Ad oggi nessuno dei due governi ha intenzione di rivedere la propria posizione. Il governo indiano ha optato per un incremento della presenza lungo la linea di confine, prevedendo lo stanziamento di circa 80 mila militari e la creazione di particolari nuclei con il compito di sorvegliare le attività cinesi al confine (qui un mio articolo).

Narendra Modi, nonostante non sembri intenzionato ad abbandonare il progetto di militarizzazione dei confini, si è sempre dimostrato ammiratore della Cina, soprattutto dal punto di vista economico. Da Cheif Minister del Gujarat ha visitato Pechino almeno tre volte, invitando grandi compagnie cinesi ad intraprendere investimenti agevolati nello stato. Considerando che il commercio con la Cina rappresenta l'8,7 per cento del commercio internazionale indiano, c'è una buona probabilità che i due stati mantengano un atteggiamento propagandistico in materia di confini, e optino per amplificare i rapporti commerciali. Nondimeno, allo stato attuale, una guerra dichiarata e guerreggiata sembra essere un'ipotesi del tutto irreale che non converrebbe a nessuno.

In questo scenario c'è un terzo attore, lontano ma importante: gli Stati Uniti. Il governo americano  sembrerebbe avere un grande interesse nella costruzioni di un rapporto privilegiato con Modi.
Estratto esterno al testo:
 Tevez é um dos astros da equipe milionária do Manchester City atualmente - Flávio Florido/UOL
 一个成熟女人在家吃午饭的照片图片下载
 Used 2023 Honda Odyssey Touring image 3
L'India, se dissolvesse parte delle sue barriere verso gli investimenti esteri, rappresenterebbe un'ottima opportunità per multinazionali e banche di investimento americane affannate dalla crisi.

Agevolazioni fiscali, prezzi convenienti, salari bassi, assenza di sindacati, classe media in rapida espansione ed un enorme mercato interno rappresentano gli ingredienti perfetti del neo liberismo in salsa statunitense.

Non è solo l'economia ad interessare il Dipartimento di Stato, ma anche la strategia. Abbandonare un Afghanistan tutt'altro che pacificato significa lasciare una grande incognita nello sviluppo del Paese e del teatro dell'Asia centrale. Dopo anni di mal ricambiato supporto logistico e monetario al Pakistan, è comprensibile che l'amministrazione Obama desideri identificare un alleato più stabile ed affidabile con cui sorvegliare gli sviluppi futuri.

Per ora l'imprevedibilità di Narendra Modi rimane l'unica variabile che accomuna i calcoli internazionali. Bisognerà vedere, soprattutto attraverso le nomine dei ministri, quali sono le reali intenzioni del nuovo Primo Ministro. Quanto i suoi proclami fossero propaganda e quanto dichiarazioni di intenti.